O yılları hatırlayanlar bugün 70'ine merdiven dayamış durumda. Daha genç neslin bunları bilme imkânı biz anlatmazsak yok maalesef.

1974 Kıbrıs Barış Harekâtı Kıbrıs'ın kuzeyinin kurtarılmasından ibaret bir askerî operasyondan ibaret olmayıp, Türkiye'nin sosyal ve manevî iklimini baştan ayağa değiştirecek büyük hamle olarak tarihe geçmiştir. Türkiye Cumhuriyeti'nin tarihi bir gün hakkıyla yazılırsa, 1923-74 ve 1974 sonrası diye iki ana bölümde ele alınmalıdır.

Türkiye Cumhuriyeti tarihinin en anti-Kemalist hükümeti olan CHP-MSP koalisyonu ve ardından gelen yıllarda Türkiye iyice sağa kayacak ve sağın içerisinden çıkan oluşumlar yeni Türkiye'yi inşa edecektir; hem de darbelere rağmen.

Elimde 1977 Milliyetçi Hareket Partisi Seçim Beyannamesi var. "Türk Milleti Uyan!" diyor kapağında. Daha ilk sayfasından bir cümle:

"Dün elbirliğiyle cihan medeniyetini kurmuştuk. Elbirliğiyle İstiklal Harbinde emperyalizmi yere sermiş, bağımsızlığımızı kurtarmıştık."

Son sayfasından da bir cümle okuyalım:

"Türklük Gurur ve Şuuru, İslâm Ahlâk ve Faziletine dayalı inancımız ve 9 IŞIK-MİLLİ DOKTRİN halinde sunduğumuz icraat programımız, Türkiye'nin tek kurtuluş yolunu göstermektedir. (…) Türk milleti, Osmanlı-Türk medeniyetinde tarihi zirvesini ortaya koyduğu medeniyet tecrübesiyle çağdaş verileri bütünleştirerek bütün insanlığın aradığı ruh ve sevgi medeniyetinin lideri olacaktır."

80 sayfalık kitapta Kemalizme eleştiriler yöneltilir ve Mustafa Kemal'in adı bir kere olsun geçmez.

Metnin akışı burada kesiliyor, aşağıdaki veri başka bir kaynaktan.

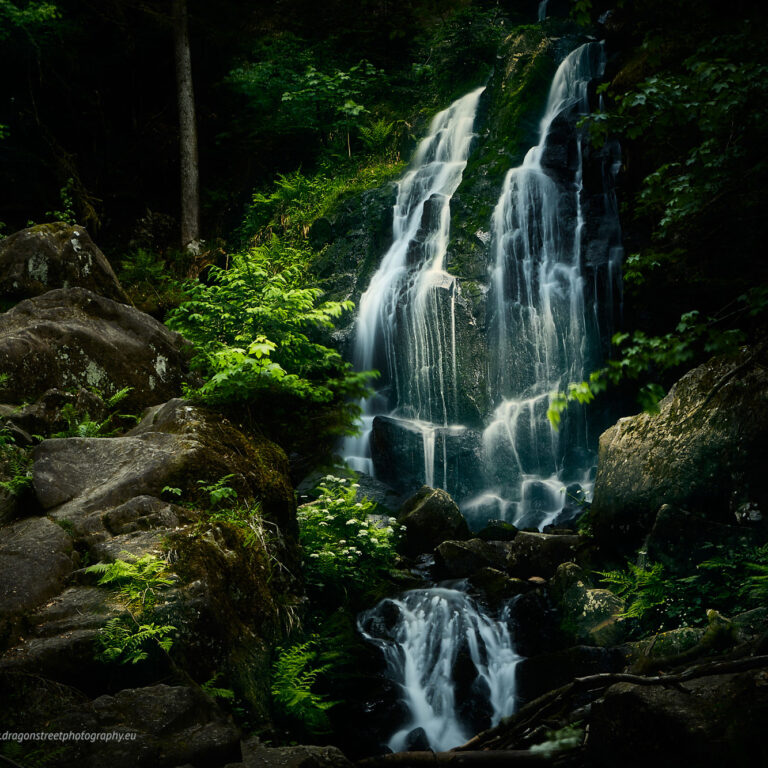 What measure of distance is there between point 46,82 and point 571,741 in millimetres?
18936

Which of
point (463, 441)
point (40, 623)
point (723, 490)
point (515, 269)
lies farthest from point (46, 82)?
point (723, 490)

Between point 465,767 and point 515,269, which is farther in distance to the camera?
point 515,269

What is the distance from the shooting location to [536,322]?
492 inches

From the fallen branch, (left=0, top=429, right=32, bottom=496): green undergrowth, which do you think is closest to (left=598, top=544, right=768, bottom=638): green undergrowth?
the fallen branch

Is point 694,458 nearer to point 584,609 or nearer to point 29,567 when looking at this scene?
point 584,609

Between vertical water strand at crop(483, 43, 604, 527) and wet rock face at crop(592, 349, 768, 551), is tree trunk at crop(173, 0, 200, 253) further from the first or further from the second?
wet rock face at crop(592, 349, 768, 551)

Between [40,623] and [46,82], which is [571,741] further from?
[46,82]

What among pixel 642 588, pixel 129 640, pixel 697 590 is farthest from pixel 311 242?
pixel 129 640

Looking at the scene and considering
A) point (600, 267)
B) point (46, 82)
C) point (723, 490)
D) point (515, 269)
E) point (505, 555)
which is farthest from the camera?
point (46, 82)

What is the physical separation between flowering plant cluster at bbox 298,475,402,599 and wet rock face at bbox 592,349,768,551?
9.77ft

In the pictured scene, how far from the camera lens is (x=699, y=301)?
29.8ft

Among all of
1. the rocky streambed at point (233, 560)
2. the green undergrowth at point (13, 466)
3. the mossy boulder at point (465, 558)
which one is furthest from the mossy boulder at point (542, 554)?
the green undergrowth at point (13, 466)

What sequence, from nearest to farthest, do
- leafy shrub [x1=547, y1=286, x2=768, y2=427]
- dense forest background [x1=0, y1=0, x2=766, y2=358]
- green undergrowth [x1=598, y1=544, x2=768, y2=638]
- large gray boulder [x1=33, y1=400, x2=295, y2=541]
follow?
leafy shrub [x1=547, y1=286, x2=768, y2=427]
large gray boulder [x1=33, y1=400, x2=295, y2=541]
green undergrowth [x1=598, y1=544, x2=768, y2=638]
dense forest background [x1=0, y1=0, x2=766, y2=358]

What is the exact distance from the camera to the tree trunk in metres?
14.9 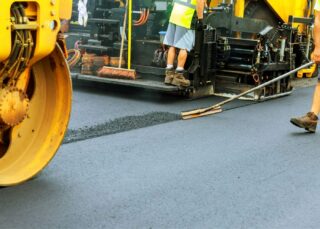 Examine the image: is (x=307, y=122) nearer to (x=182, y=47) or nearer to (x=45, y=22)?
(x=182, y=47)

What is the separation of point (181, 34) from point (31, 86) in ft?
12.5

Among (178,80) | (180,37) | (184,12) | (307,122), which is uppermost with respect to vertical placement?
(184,12)

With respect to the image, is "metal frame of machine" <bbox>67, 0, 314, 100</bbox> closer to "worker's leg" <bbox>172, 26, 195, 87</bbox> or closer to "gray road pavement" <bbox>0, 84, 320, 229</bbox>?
"worker's leg" <bbox>172, 26, 195, 87</bbox>

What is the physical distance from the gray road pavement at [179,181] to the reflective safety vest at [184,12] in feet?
5.14

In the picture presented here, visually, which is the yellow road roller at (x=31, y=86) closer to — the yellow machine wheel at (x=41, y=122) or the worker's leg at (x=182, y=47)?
the yellow machine wheel at (x=41, y=122)

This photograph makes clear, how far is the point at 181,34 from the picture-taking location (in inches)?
295

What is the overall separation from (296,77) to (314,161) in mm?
6505

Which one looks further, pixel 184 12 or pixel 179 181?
pixel 184 12

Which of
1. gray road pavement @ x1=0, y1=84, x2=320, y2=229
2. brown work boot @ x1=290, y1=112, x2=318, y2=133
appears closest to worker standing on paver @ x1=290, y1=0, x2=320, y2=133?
brown work boot @ x1=290, y1=112, x2=318, y2=133

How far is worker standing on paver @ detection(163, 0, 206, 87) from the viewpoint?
7355mm

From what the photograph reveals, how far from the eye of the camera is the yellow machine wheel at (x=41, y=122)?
3.86 metres

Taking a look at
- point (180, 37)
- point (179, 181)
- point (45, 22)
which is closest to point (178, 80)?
Answer: point (180, 37)

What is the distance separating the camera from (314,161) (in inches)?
197

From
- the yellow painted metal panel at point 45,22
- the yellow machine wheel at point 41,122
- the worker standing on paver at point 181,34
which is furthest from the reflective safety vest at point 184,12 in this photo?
the yellow painted metal panel at point 45,22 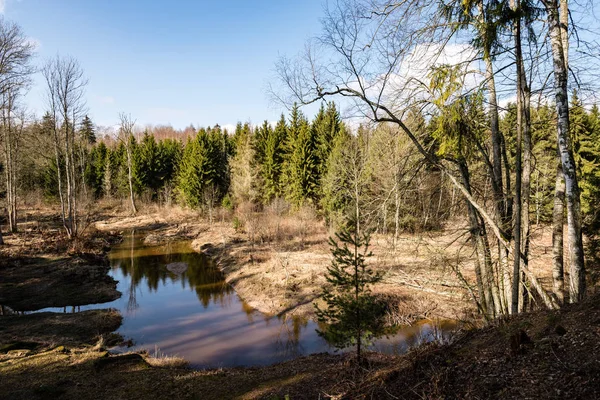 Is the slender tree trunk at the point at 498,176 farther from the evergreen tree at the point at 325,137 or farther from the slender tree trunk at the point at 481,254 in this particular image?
Answer: the evergreen tree at the point at 325,137

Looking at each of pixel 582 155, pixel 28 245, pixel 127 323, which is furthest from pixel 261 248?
pixel 582 155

Bu da ilginç bir not olarak burada dursun.

Zemini döşedik, şimdi Türkeş ve Necip Fazıl'ın beyannamelerini beraberce okuyabiliriz.

Türkeş'in 1977 beyannamesi…

1977 Mayıs'ında yani Haziranda yapılacak seçimlerden bir ay önce Necip Fazıl imzasıyla yayımlanan Rapor 3'ün 77. sayfasından itibaren MSP ve MHP değerlendirmesi yer alır. MSP yönetiminden ümidini kesmiş olan Üstad daha 1960'ların ortalarında o zaman adı CKMP olan MHP'li yetkililerle görüşmüş ve dünyaya İslam projektörüyle bakmayı esas alan bir anlaşma protokolü vermiştir. Dündar Taşer'in buna cevabı şu olmuş:

Eğer biz bu protokolü imza edersek, Partimizi kapatırlar!

MHP'nin bir yayın organında kaleme aldığı yazılar Üstada İslamcı kanattan tepkiler yöneltilmesine yol açınca gayesini şöyle belirler:

"Bütün maskaralık ve sahtekârlıklara karşı şahlanma zemini arayan iki büyük gençlik grubundan ruh pınarı Milli Türk Talebe Birliği topluluğu ile adale şelalesi Ülkücü Gençlik arasında gençliği kurmaya çalıştığım köprü hikmetini de anlayan olmadı."

MSP kitlesiyle değil, lideriyle kavgalıdır Üstad. Partiyi "Büyük Doğu idealinin düşük çocuğu" olarak görmektedir. "Taban münezzeh, fakat zirve müttehim"dir yani suçlu.